Web page caption snippets:
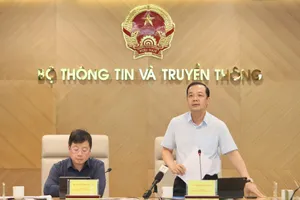 Các nhà mạng loại bỏ 12,5 triệu SIM không chính chủ 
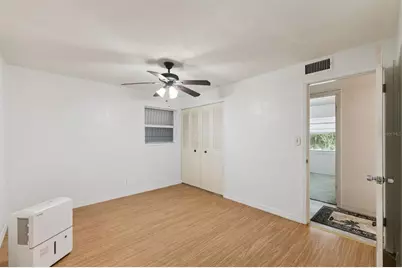 1152 Pineview Drive, Daytona Beach, FL 32117 - Photo 18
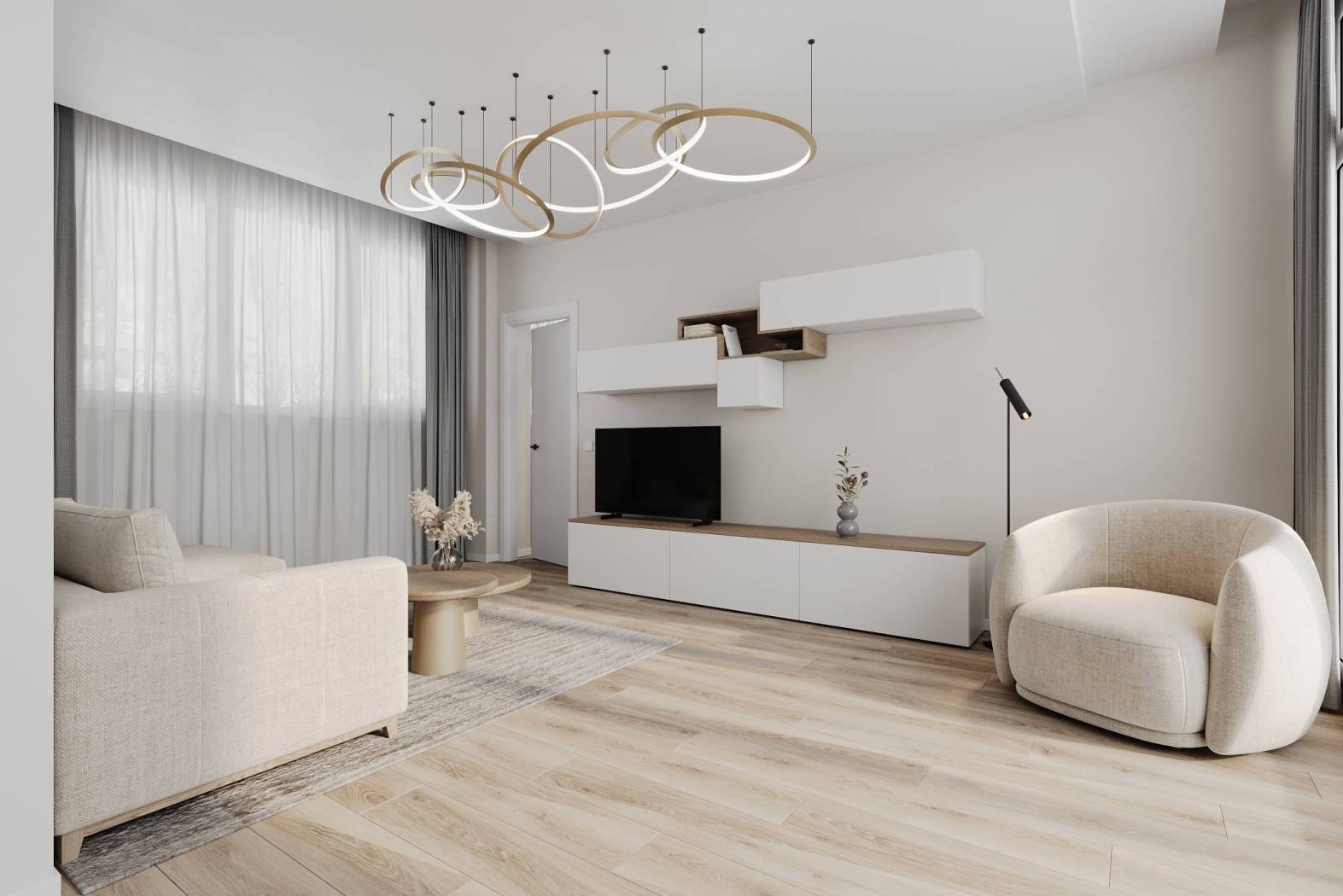 Appartamento in vendita a Lignano Sabbiadoro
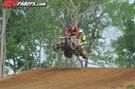 BTB_5520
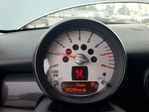 MINI Cooper 2013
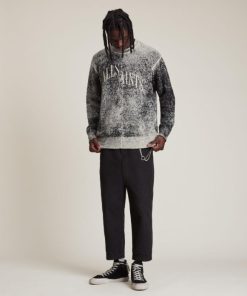 Stridestream.shop06432aaf21 1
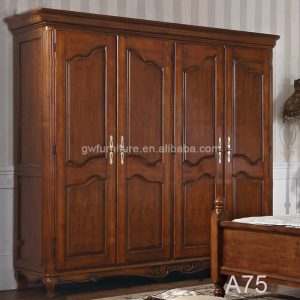 Antique Wardrobes Design - Buy Antique Wardrobes Design,Armoire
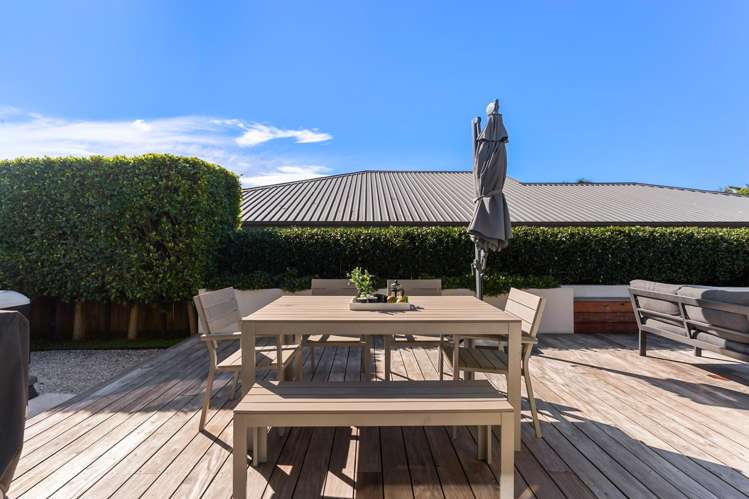 9 Kibblewhite Avenue Beachlands_13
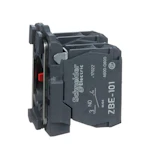 KONTAKTDON PLAST 1SL+1BR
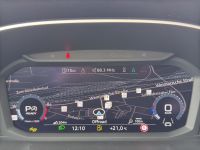Audi Q3 - Vorschau Bild 16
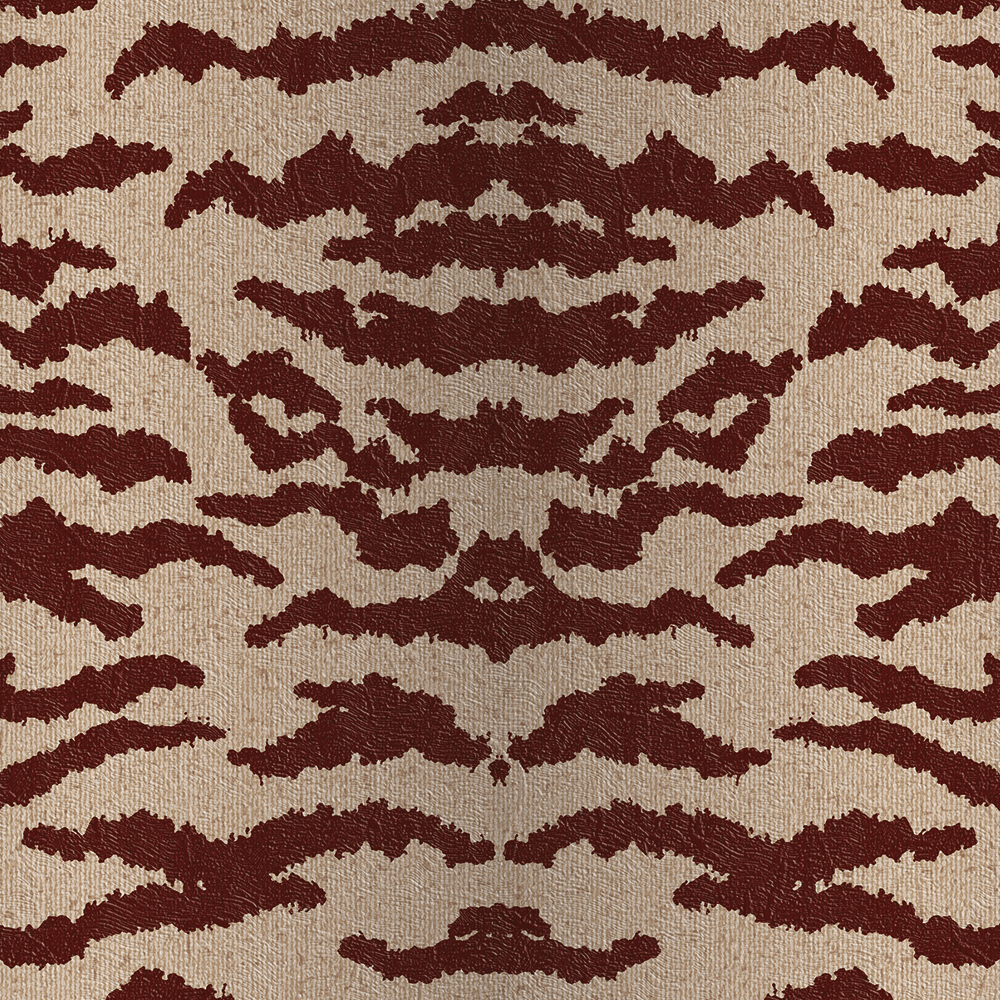 Обои DU&KA арт DK.N19388-1 фото 2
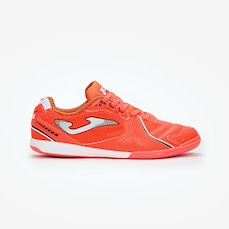 Chuteira Futsal Joma Dribling - Adulto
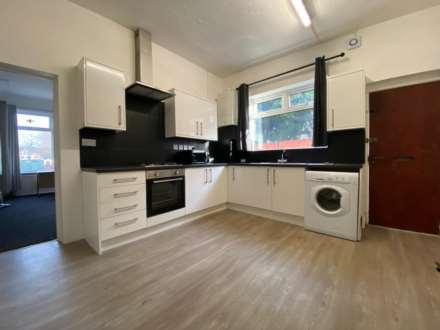 25 Burford Road, Whalley Range, Manchester, M16 8EW, Image 6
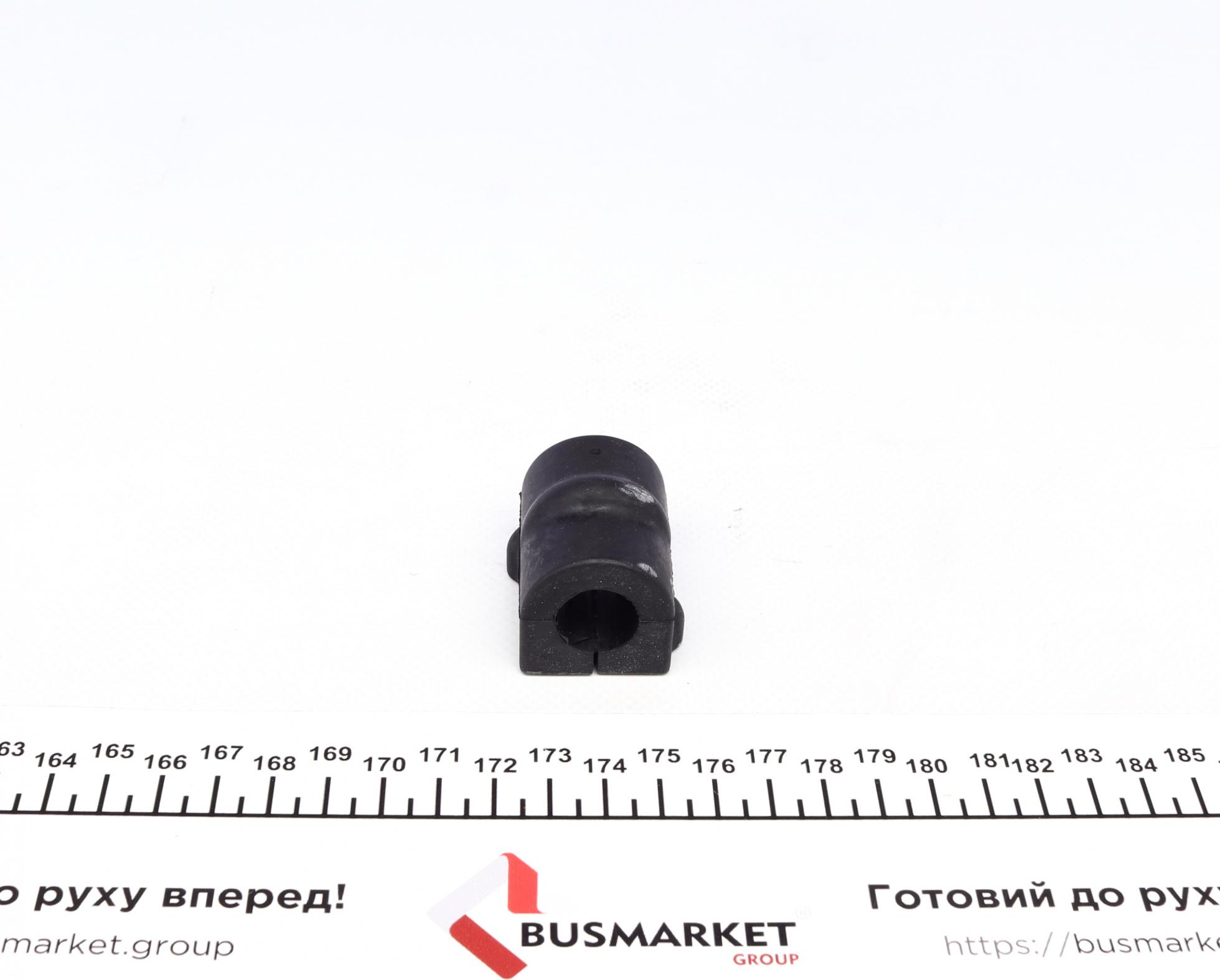 3094 FEBI BILSTEIN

### [What to produce]
Please copy, exactly as written, the lines from the one that contains "KONTAKTDON PLAST 1SL+1BR" through the end of the records, both ends included. Do not include the pictures.

### [Exercise solution]
 KONTAKTDON PLAST 1SL+1BR
Audi Q3 - Vorschau Bild 16
 Обои DU&KA арт DK.N19388-1 фото 2
 Chuteira Futsal Joma Dribling - Adulto
 25 Burford Road, Whalley Range, Manchester, M16 8EW, Image 6
 3094 FEBI BILSTEIN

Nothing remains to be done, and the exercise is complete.